The new iPhone 4S is identical in form to the previous
model, disappointing fans who had hoped for a thinner,
bigger-screened design of a product that had not been updated
for more than a year.
While the device's high-tech wizardry such as voice commands
-- for sending messages, searching for stock prices and other
applications -- caught the attention of many analysts, it might
not be enough to make it a must-have for consumers.
"Major concerns for Samsung had been that its smartphone
momentum will decelerate with Apple's new iPhone, but that is
now less of a concern as the new iPhone failed to excite many,"
said Kim Young-chan, an analyst at Shinhan Investment Corp in
On Wednesday Samsung also said it would file for a sales ban
on the new iPhone with courts in France and Italy, alleging that
the phone infringed its mobile technology patents, widening an
already extensive legal battle with its arch
Apple also revealed on Tuesday that it is cutting the price
of the previous iPhone 4 model to $99 on a network service
contract, and said the even older 3GS model will be available
for free on contract. This allows Apple to hit the low-end
smartphone market it had once eschewed.
Even before the low-cost phone, Apple was set to
exponentially grow its China business as it stitches deals with
operators in the world's largest mobile phone market, home to
more than 900 million subscribers.
Apple faces a tough battle in India, the world's
second-biggest market for mobile phones with more than 850
million subscribers, where smartphones account for just over 5
percent of the total mobile handset sales.
"Very aggressive pricing in the higher-end category of
smartphones is unlikely in India in the near future, primarily
because the volumes are not strong enough to justify that kind
of play in that segment," said Deepak Kumar, research director
at IDC India.
TOP SELLING SMARTPHONE
Phones based on Google's Android, which is available for
free to handset vendors such as Samsung, HTC, LG and Motorola
, have a greater combined market share than Apple's
iPhone, which is still the world's biggest-selling smartphone.
"There are still many consumers who don't have the iPhone
experience, and Apple still has a lot of markets and carriers to
enter, so when there's a new model with better specs, it helps
to lift shipments," said Ming-chi Kuo, analyst at Concord
Securities in Taipei.
"The iPhone 4S targets users who are expiring on their
two-year 3GS contract."
Apple sold a record 20.3 million iPhones in the April-June
quarter, with analysts estimating Samsung smartphone sales at
19 million handsets, well ahead of Nokia's 16.7 million.

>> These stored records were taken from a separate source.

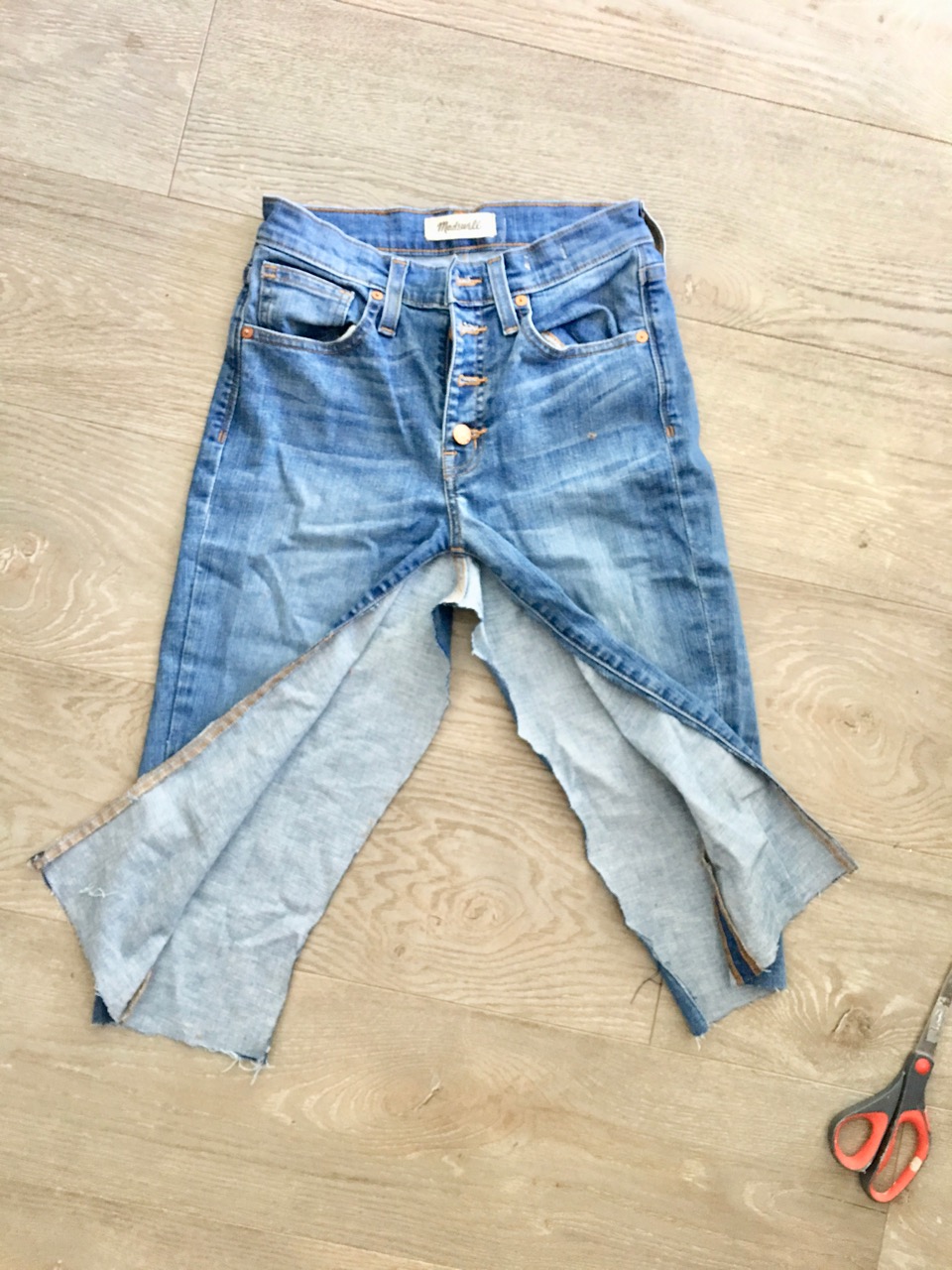 how to make a diy denim mini midi or maxi skirt like Kendall jenner's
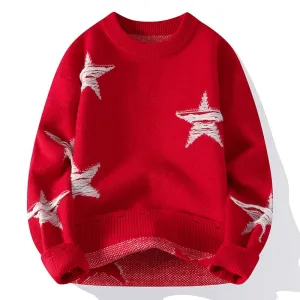 Obsidian Phoenix Luxury Star Printed Sweater - High-End Thick Warm Men’s Casual Christmas Jumper
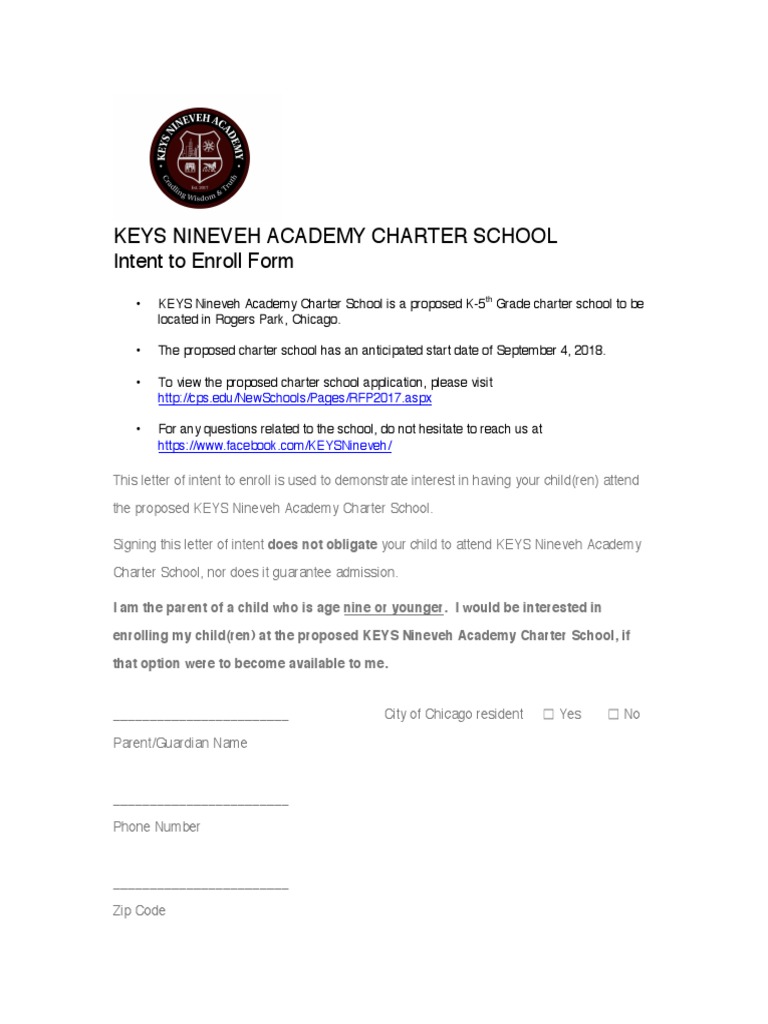 Intent To Enroll Form PDF PDF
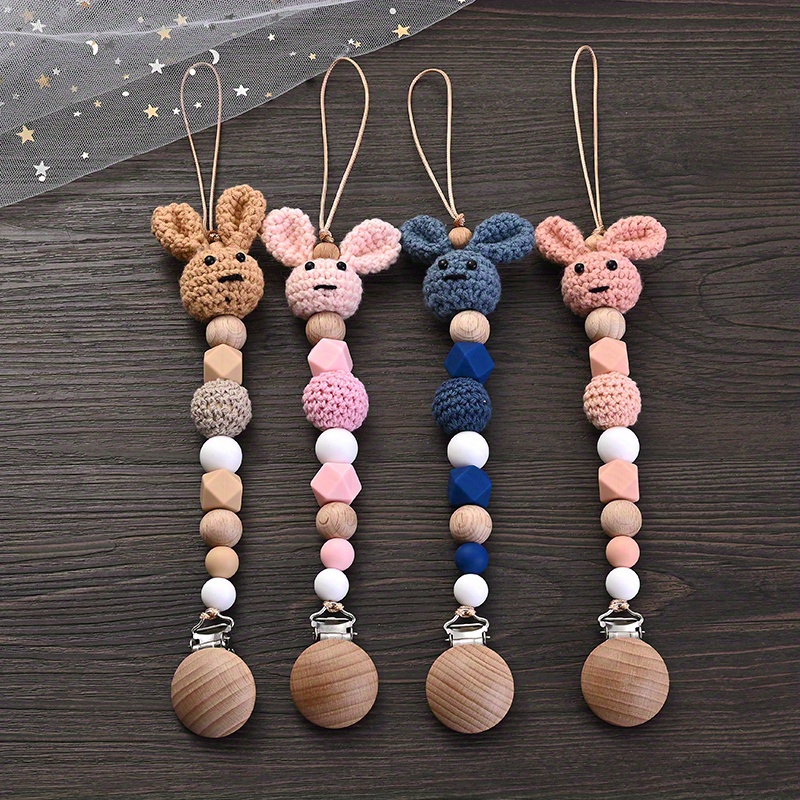 

Crochet Rabbit Silicone Beads With Clip - Diy Lanyard For Student Id Badges & Jewelry Accessories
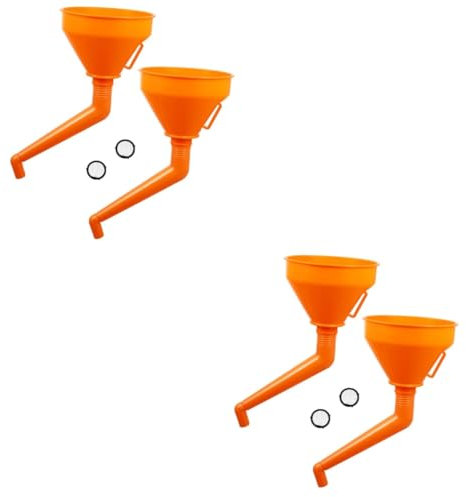 TINEASUR 4 Pièces Entonnoir de remplissage amovible entonnoir de réservoir d'eau huile moteur entonnoir de gros calibre gaz entonnoir pour les abdominaux entonnoir à essence abdos Orange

The lukewarm reception given for the new phone
also hit shares in Apple's suppliers.
Taiwan's Hon Hai , Apple's biggest supplier, was
down 1.9 percent, while casing company Foxconn Technology
fell 6.9 percent. Camera module maker Largan Precision
shed 6.6 percent.
"The casing companies should be the most-hit, correcting
from the previous rise, because the market has expected a metal
case for the new iPhone," said Mike Fang, a fund manager of
Paradigm Asset Management.
In Japan, the country's second-largest mobile carrier KDDI
will sell Apple's new iPhone, ending rival operator
Softbank's reign as the sole provider in Japan.